Look into the early history of Airbnb. They did anything to survive - even selling politician-themed breakfast cereal. Yes. pg exclaimed, you guys are like cockroaches, you just won't die.
Don't know if that's the origin, but hey it could be. Without the story, calling someone "cockroach" has unclear sentiments.
Hard to kill because they're financially independent. We believe enough in the technology we're building (gpu-powered graph ai & visualization) and the missions we're powering (security, fraud, anti-misinfo, healthcare, etc.) that we turned down large initial funding as it would have broken us. So awhile back, being cockroaches meant running as cost-effectively as we could (and still do, in fact, just not as extreme) as we figured it out, and now that things are working, it means prioritizing sustainable growth vs financial games likely to fail.
In contrast, popular models prone to failure and largely fueled by market phenomena like low inflation rates include ad-based social media ("we'll turn on revenue in 5 years, no, really!"), blitzscaling ("we'll eventually figure it out!"), sales-driven growth ("our federal team will make our $ back in 3-5 years, no really!"), acquihires ("with enough AI talent we'll just sell our staff!").
I like venture capital, such as for deep tech and true growth, but the reality is most tech VC funding is more about financial engineering that assumes most of the portfolio fails. They push for commercial scaling too early and wipe out, which is fine for the rich VC who just needs 1-3 bets to win. Fine for them, but sucks for most founders & employees unless they job hop every 2 years. If we take VC $ again, it'd be on our terms and with a clear payback/growth return.

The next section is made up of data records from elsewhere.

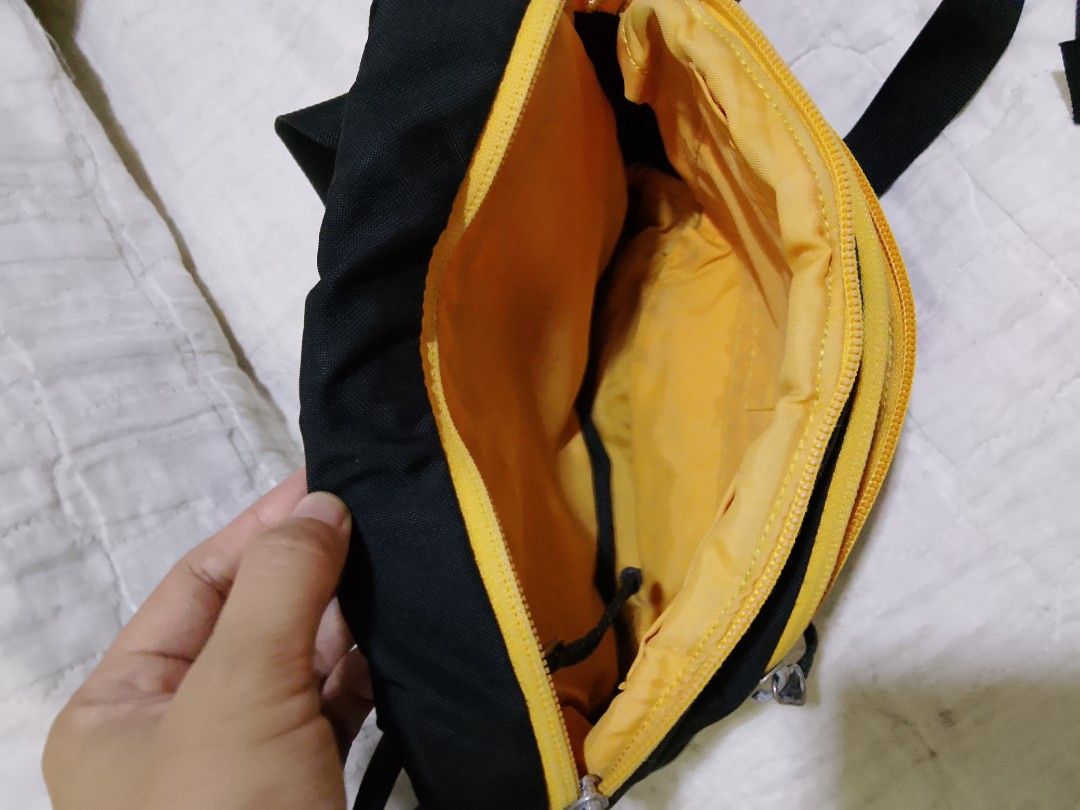 Arc'teryx belt bag (Category: Belt bags, Clutches and Pouches) located in Bago City. Submitted by champsthrift. (Listing ID 1460533270, Image 3). Description: Arc'teryx belt bag 9.5 width 7.5 length see photos for details my konting issue,pls see photos.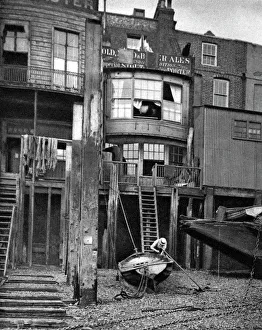 Old pub on the River Thames, London, 1926-1927 Old pub on the River Thames, London, 1926-1927
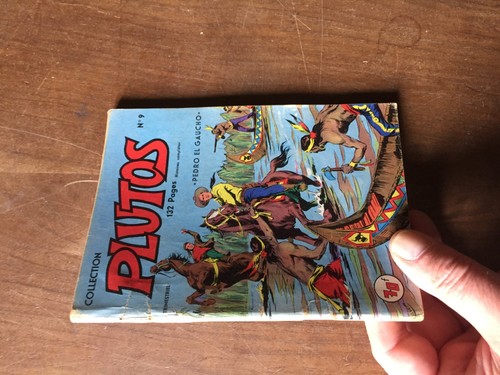 Petit format plutos - bd,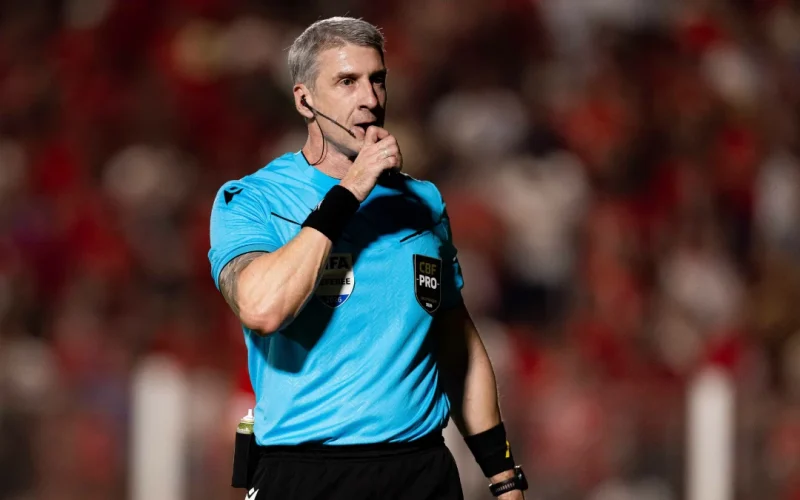 Lucas Rodrigues critica arbitragem de Daronco em clássico: "futebol medíocre do c..."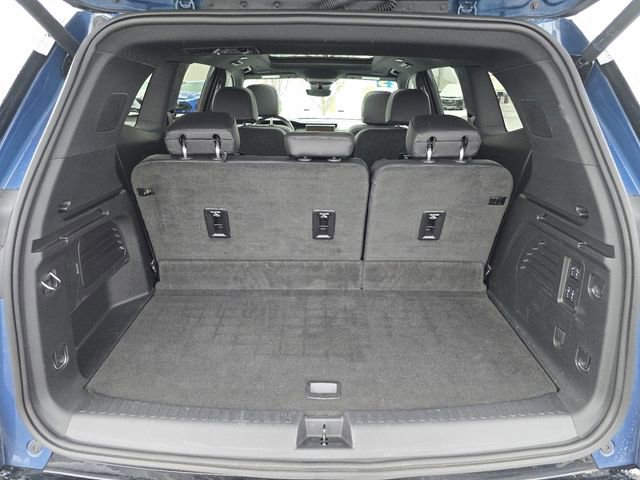 Used 2025 GMC Acadia Denali w/ Super Cruise Package image 21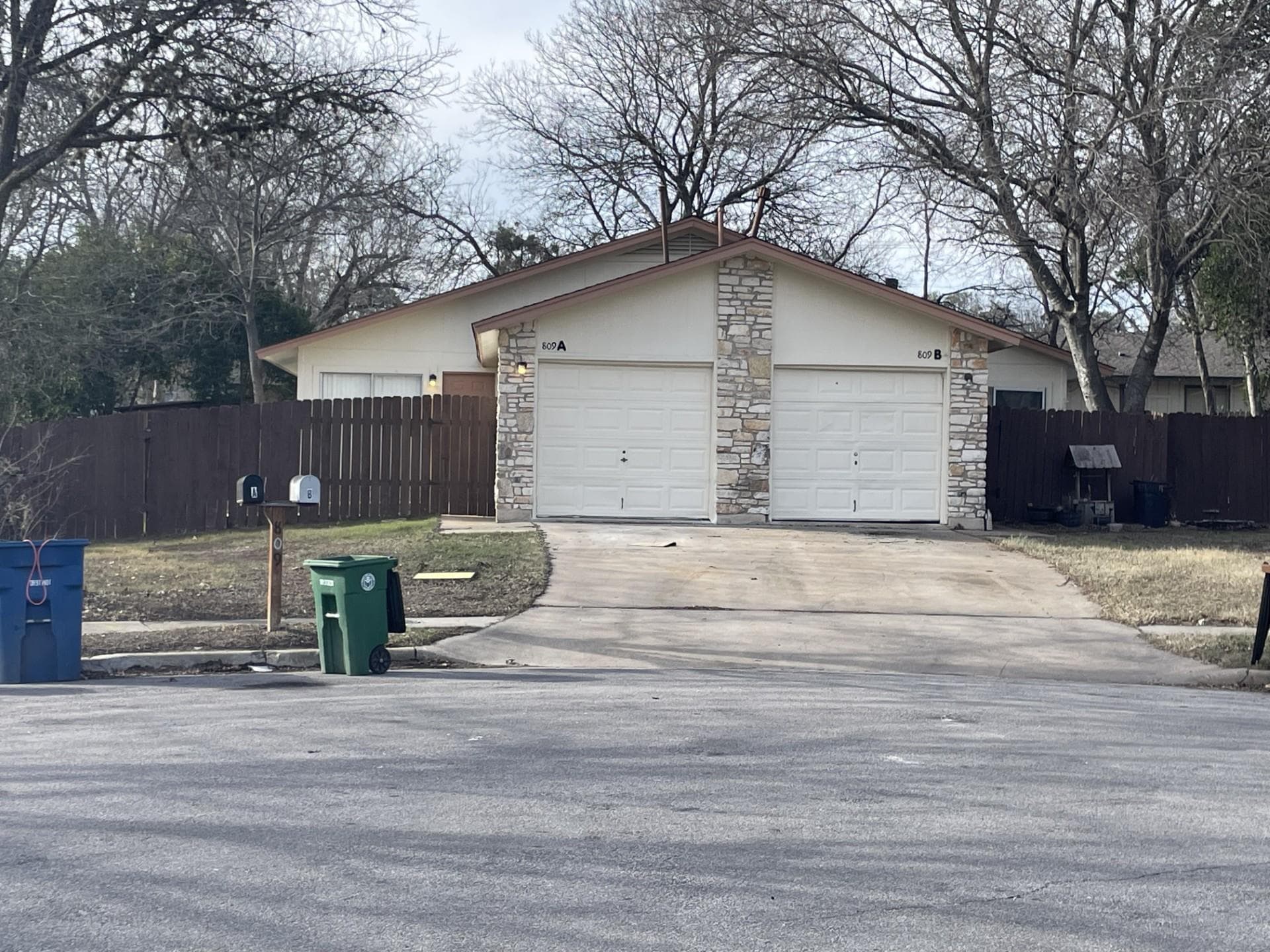 809  Plumpton Dr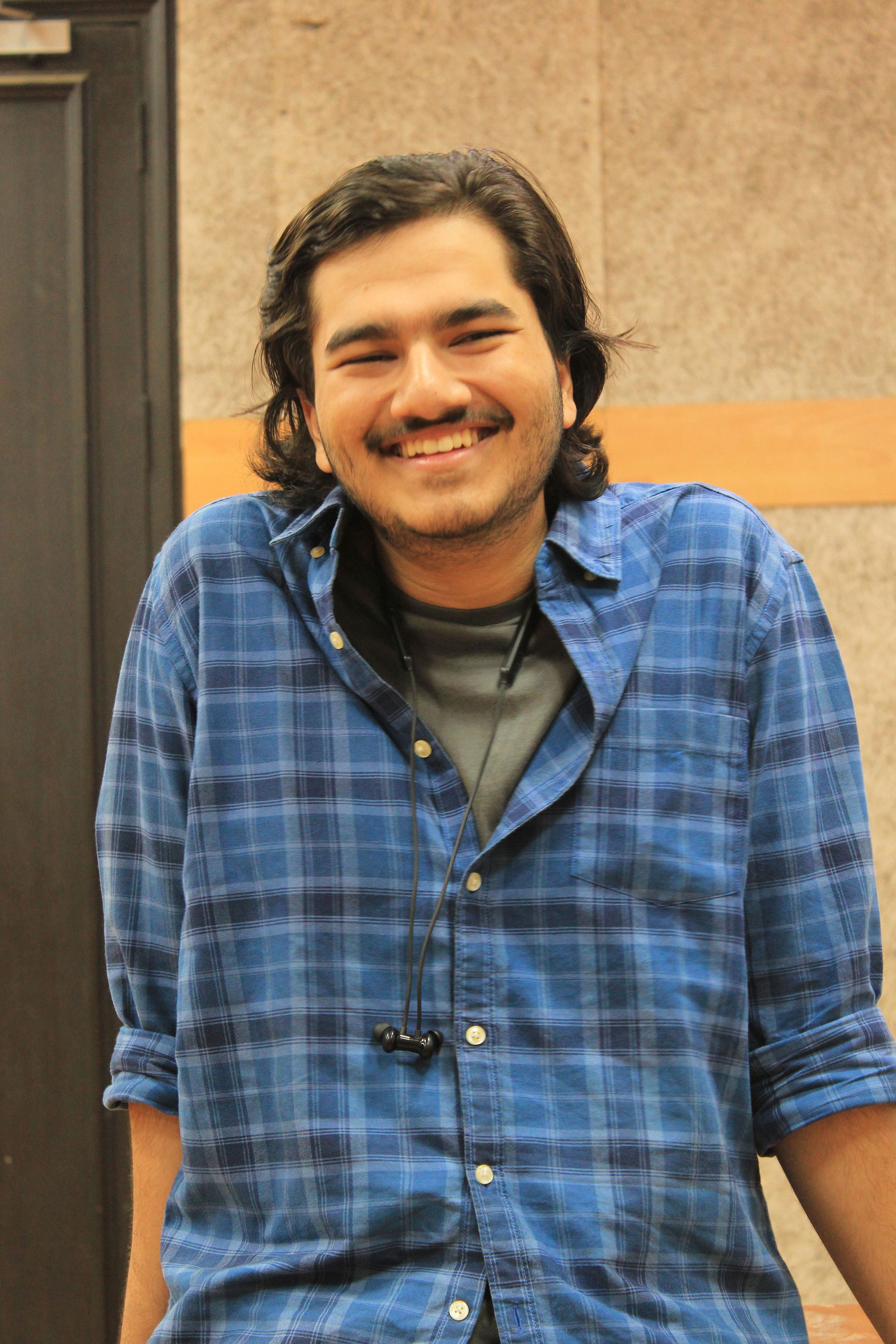 Arnav Dimri backdrop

A great way to kill an otherwise great idea & company is putting VC $ in, which puts a company on overdrive and financially implodes before it has a chance to figure things out. They're addicted and likely can't stop relying on VC without layoffs (or less likely, succeeding), at which point many of the A players leave as well and hard to recover. Instead, if a cockroach raises > $2M (so commercialization phase), that should generate enough sales revenue that they can keep organically growing in 18-24mo later even if a follow-on round doesn't happen. You'll hear such cockroach founders saying they don't even touch the money for months. Numbers-wise, most Series A companies fizzle out, which is because of this unicorn-or-bust structure.. and especially whenever the market is not on a bull tear. With a bit more time, they probably could have figured it out... but they blew it.